This tutorial provides step-by-step guidance for neuron segmentation with SENMI3D benchmark datasets. Dense neuron segmentation in electronic microscopy (EM) images belongs to the category of instance segmentation. The methodology is to first predict the affinity map (the connectivity of each pixel to neighboring pixels) with an encoder-decoder ConvNets and then generate the segmentation map using a standard segmentation algorithm (e.g., watershed).

The evaluation of segmentation results is based on the Rand Index and Variation of Information.

Tip

Before running neuron segmentation, please take a look at the notebooks to get familiar with the datasets and available utility functions in this package.

The main script to run the training and inference is pytorch_connectomics/scripts/main.py. The pytorch target affinity generation is connectomics.data.dataset.VolumeDataset.

Neighboring affinity learning

The affinity value between two neighboring pixels (voxels) is 1 if they belong to the same instance and 0 if they belong to different instances or at least one of them is a background pixel (voxel). An affinity map can be regarded as a more informative version of boundary map as it contains the affinity to two directions in 2D inputs and three directions (z, y and x axes) in 3D inputs.

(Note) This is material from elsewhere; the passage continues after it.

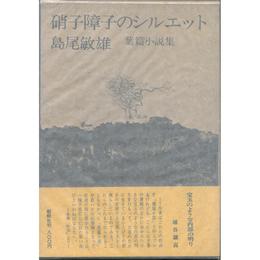 硝子障子のシルエット　葉篇小説集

../_images/snemi_affinity.png

The figure above shows examples of EM images, segmentation and affinity map from the SNEMI3D dataset. Since the 3D affinity map has 3 channels, we can visualize them as RGB images.

1 - Get the data

wget http://rhoana.rc.fas.harvard.edu/dataset/snemi.zip

For description of the SNEMI dataset please check this page.

Note

Since for a region with dense masks, most affinity values are 1, in practice, we usually widen the instance border (erode the instance mask) to deal with the class imbalance problem and let the model make more conservative predictions to prevent merge error. This is done by setting MODEL.LABEL_EROSION = 1.

2 - Run training

Provide the YAML configuration files to run training:

CUDA_VISIBLE_DEVICES=0,1,2,3,4,5,6,7 python -u -m torch.distributed.run \
--nproc_per_node=2 --master_port=1234 scripts/main.py --distributed \
--config-base configs/SNEMI/SNEMI-Base.yaml \
--config-file configs/SNEMI/SNEMI-Affinity-UNet.yaml

The configuration files for training can be found in configs/SNEMI/. We usually create a datasets/ folder under pytorch_connectomics and put the SNEMI dataset there. Please modify the following options according to your system configuration and data storage:

  • IMAGE_NAME: name of the 3D image file (HDF5 or TIFF)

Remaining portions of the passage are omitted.